During the evening of Monday, June 25, the first-ever bunkering of liquefied biogas (LBG) took place at the Port of Gothenburg. Fure Vinga, owned by the Donsö-based shipping company Furetank, took on 40 cubic metres of LBG directly from a road tanker parked at the quayside. The bunkering took place at the Stena Line methanol bunkering facility at the Majnabbe Harbour, and passed without incident.
“It was a successful operation that demonstrates that we are fully prepared, with routines and operating instructions for bunkering and for operating our LNG vessels using LBG. We have now run the engines and it is simply a case of noting that everything works just as well using LBG as it does using LNG,” said Lars Höglund, Furetank chief executive, following the vessel’s departure from the Majnabbe Harbour on Tuesday morning.

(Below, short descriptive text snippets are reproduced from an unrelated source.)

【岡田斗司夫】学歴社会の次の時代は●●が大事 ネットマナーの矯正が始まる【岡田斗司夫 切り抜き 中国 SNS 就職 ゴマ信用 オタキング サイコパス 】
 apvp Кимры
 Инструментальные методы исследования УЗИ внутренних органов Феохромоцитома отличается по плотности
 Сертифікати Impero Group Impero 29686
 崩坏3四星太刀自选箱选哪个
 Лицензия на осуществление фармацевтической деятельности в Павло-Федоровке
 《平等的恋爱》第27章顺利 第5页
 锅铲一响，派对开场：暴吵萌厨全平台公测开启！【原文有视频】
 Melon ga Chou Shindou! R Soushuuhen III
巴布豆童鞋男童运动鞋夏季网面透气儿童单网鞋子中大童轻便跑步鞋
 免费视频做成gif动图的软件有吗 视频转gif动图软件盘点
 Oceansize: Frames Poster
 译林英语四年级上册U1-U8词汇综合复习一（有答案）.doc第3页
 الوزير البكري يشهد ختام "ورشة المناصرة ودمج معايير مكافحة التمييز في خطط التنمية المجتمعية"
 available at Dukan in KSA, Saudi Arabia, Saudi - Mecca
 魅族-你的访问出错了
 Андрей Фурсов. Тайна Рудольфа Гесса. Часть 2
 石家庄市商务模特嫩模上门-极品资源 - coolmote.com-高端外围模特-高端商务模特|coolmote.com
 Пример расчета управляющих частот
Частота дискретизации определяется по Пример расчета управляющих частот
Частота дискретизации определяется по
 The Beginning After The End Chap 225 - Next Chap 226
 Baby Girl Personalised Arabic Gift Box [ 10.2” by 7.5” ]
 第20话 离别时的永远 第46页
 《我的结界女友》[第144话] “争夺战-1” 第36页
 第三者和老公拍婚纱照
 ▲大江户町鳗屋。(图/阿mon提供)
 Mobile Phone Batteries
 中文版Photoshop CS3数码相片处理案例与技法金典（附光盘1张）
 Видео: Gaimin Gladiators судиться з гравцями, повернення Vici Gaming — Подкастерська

Normally, Fure Vinga runs on liquefied natural gas (LNG), which has become an increasingly common fuel among vessels calling at the Port of Gothenburg in recent years. In 2016, there were 26 LNG calls at the Port of Gothenburg. In 2017, the figure had risen to 111, and the upward trend is set to continue during 2018.
The content of LNG and LBG is essentially the same – they both comprise almost 100 per cent methane. What sets the fuels apart is the production process. LNG is extracted from the ground, whilst LBG is a fossil-free, renewable fuel, produced from organic waste.
The almost identical chemical composition of the two fuels means that engines that run on LNG can also run on LBG. Consequently, the infrastructure which is currently being built for LNG can also be used for LBG. The transition to LBG does not require any extra investment in new vessels for the shipping companies that are already using LNG, or in a new pipeline infrastructure for the companies that are currently supplying LNG.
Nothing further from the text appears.